Queda da desigualdade não virá do crescimento, diz Piketty

27 de novembro de 2014
Sistema tributário progressivo, que incida sobre as grandes riquezas, e igualdade de oportunidades de acesso à Educação são mais decisivos para reverter a concentração da renda

Fonte: Valor Econômico (SP)


A redução da desigualdade não virá do crescimento econômico. Um sistema tributário progressivo, que incida sobre as grandes riquezas, e a igualdade de oportunidades de acesso à Educação são mais decisivos para reverter a trajetória de aumento da concentração da renda observada entre os 20 países mais ricos desde a década de 80. Essas ideias são do economista francês Thomas Piketty e marcaram o início, ontem em São Paulo, da etapa brasileira da turnê mundial do livro "O Capital no Século XXI".
No auditório da Faculdade de Economia, Administração e Contabilidade da Universidade de São Paulo (FEA-USP), os 310 lugares estavam preenchidos - 150 convidados, entre Professores, economistas de bancos e consultorias, e muitos estudantes.
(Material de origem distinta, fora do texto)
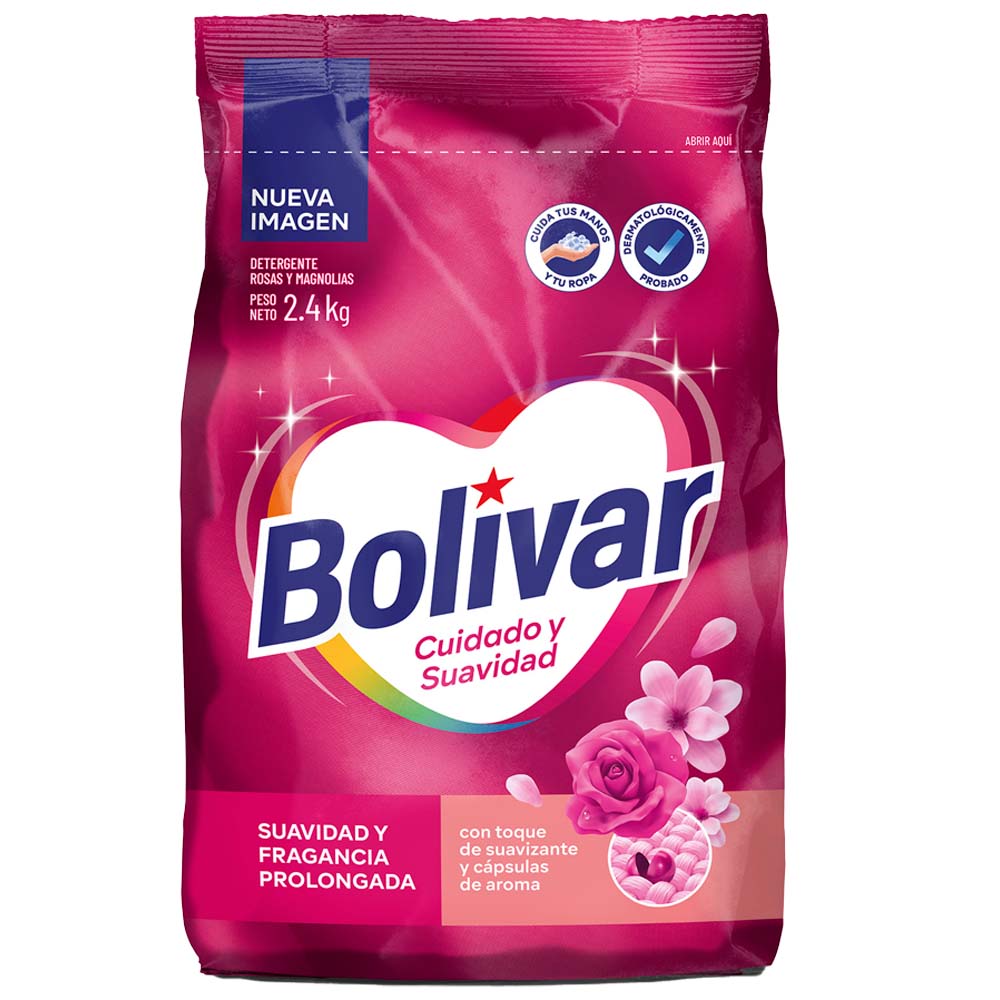 Detergente en Polvo BOLIVAR Cuidado y Suavidad Bolsa 2.4Kg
Boa parte dos 800 inscritos não compareceu. Outras cinco salas com projetores, que não foram utilizadas, estavam reservadas para acomodar aqueles que não coubessem no auditório.
Ainda assim, Piketty entrou na sala rodeado de pedidos de dedicatória e câmeras de telefone celular e, pouco antes do início de sua fala, foi deslocado para um lugar reservado para ser "preservado do assédio".
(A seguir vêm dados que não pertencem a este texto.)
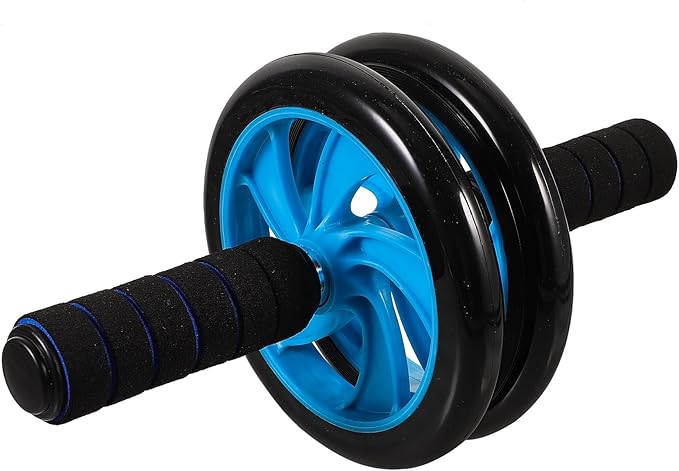 Mikikit Abdominal Exercise Wheel with Two Wheels, Silent Fitness Ab Roller for Core Strength Training, Home Abdomen Trainer for Men and Women, Compact Workout Equipment Random Style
Ao lado dos economistas André Lara Resende e Paulo Guedes, Piketty usou seus 45 minutos - em um inglês marcado pelo sotaque francês - para desenvolver os temas da obra ligados à dinâmica da renda do trabalho e a da renda do capital - que inclui bens, investimentos em propriedade, em ações - nas nações ricas, especialmente nos Estados Unidos, Reino Unido, França e Alemanha.
No caso específico dos EUA, Piketty creditou principalmente à dificuldade de acesso de grande parte da população ao Ensino superior de qualidade o avanço expressivo da desigualdade nos últimos 30 anos.
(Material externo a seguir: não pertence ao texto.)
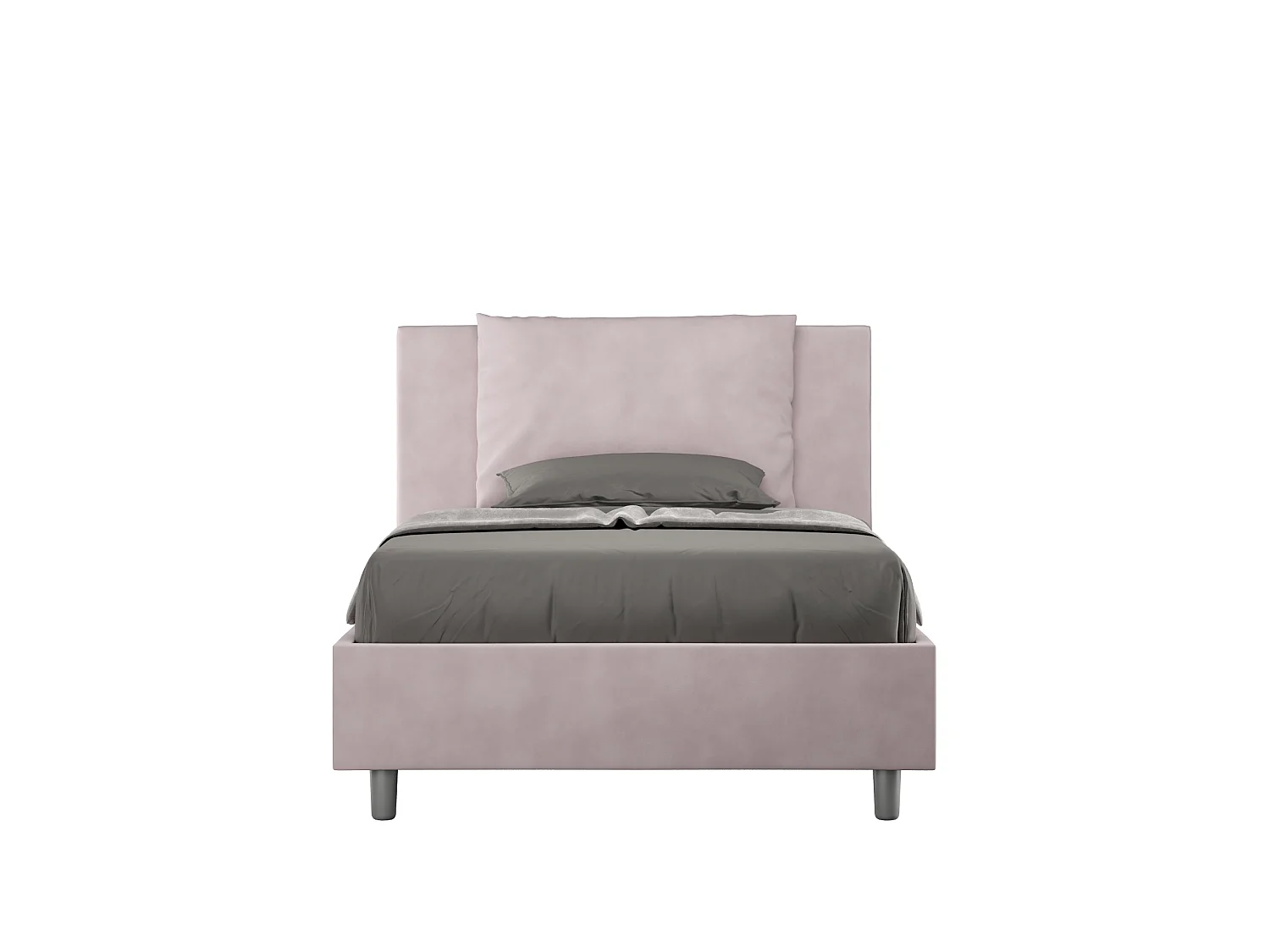 Cama de una plaza y medio con almacenaje acolchada 120x190 microfibra lila Antea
O economista avaliou como "preocupante" o descompasso entre o ritmo de avanço da renda real das grandes riquezas - entre 6% e 7% ao ano em termos reais, de acordo com dados retirados de rankings da revista "Forbes" - e da renda do trabalho, entre 1% e 2% ao ano. Para ele, a desconcentração de renda não passa necessariamente pelo crescimento econômico. Políticas ativas de redução da desigualdade, que priorizem o acesso universal a uma Educação de qualidade, um sistema tributário progressivo e o desenvolvimento do mercado de trabalho, conseguem desempenhar melhor esse papel.
Em relação ao sistema tributário, Piketty lembrou que países como EUA e Reino Unido taxam atualmente as grandes riquezas em patamares que variam entre 30% e 40%. Os níveis são bastante modestos se comparados àqueles que vigoraram entre os anos 30 e 80 - quando esses países experimentaram uma redução expressiva dos níveis de desigualdade de renda -, em torno de 80%. "E isso não destruiu o capitalismo americano ou britânico", provocou.
O Brasil, afirmou, poderia ser "mais transparente" na divulgação das estatísticas relacionadas ao imposto de renda. A informalidade e a ausência de séries históricas mais longas ainda atrapalham o desenho preciso da realidade brasileira feita sobre as análises estatísticas, mas muitas vezes os pesquisadores esbarram em dificuldades de acessar os dados oficiais, disse o economista.
Com as informações disponíveis atualmente, observou, a Pesquisa Nacional por Amostra de Domicílios (Pnad) mostra um nível de concentração e o imposto de renda, outro. "As pesquisas domiciliares são importantes, mas elas precisam ser complementares aos dados dos órgãos de fisco."